### DESCRIPTION OF THE TASK
Please repeat the data shown below, word for word.

### DATA SHOWN
★ ★ ★ ★

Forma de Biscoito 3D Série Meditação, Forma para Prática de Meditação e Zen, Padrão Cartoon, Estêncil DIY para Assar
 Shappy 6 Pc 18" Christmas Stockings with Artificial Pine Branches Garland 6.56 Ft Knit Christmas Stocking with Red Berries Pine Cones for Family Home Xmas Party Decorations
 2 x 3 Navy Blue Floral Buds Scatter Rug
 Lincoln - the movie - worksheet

★ ★ ★ ★

### RESULT OF THE EXERCISE
Forma de Biscoito 3D Série Meditação, Forma para Prática de Meditação e Zen, Padrão Cartoon, Estêncil DIY para Assar
 Shappy 6 Pc 18" Christmas Stockings with Artificial Pine Branches Garland 6.56 Ft Knit Christmas Stocking with Red Berries Pine Cones for Family Home Xmas Party Decorations
 2 x 3 Navy Blue Floral Buds Scatter Rug
 Lincoln - the movie - worksheet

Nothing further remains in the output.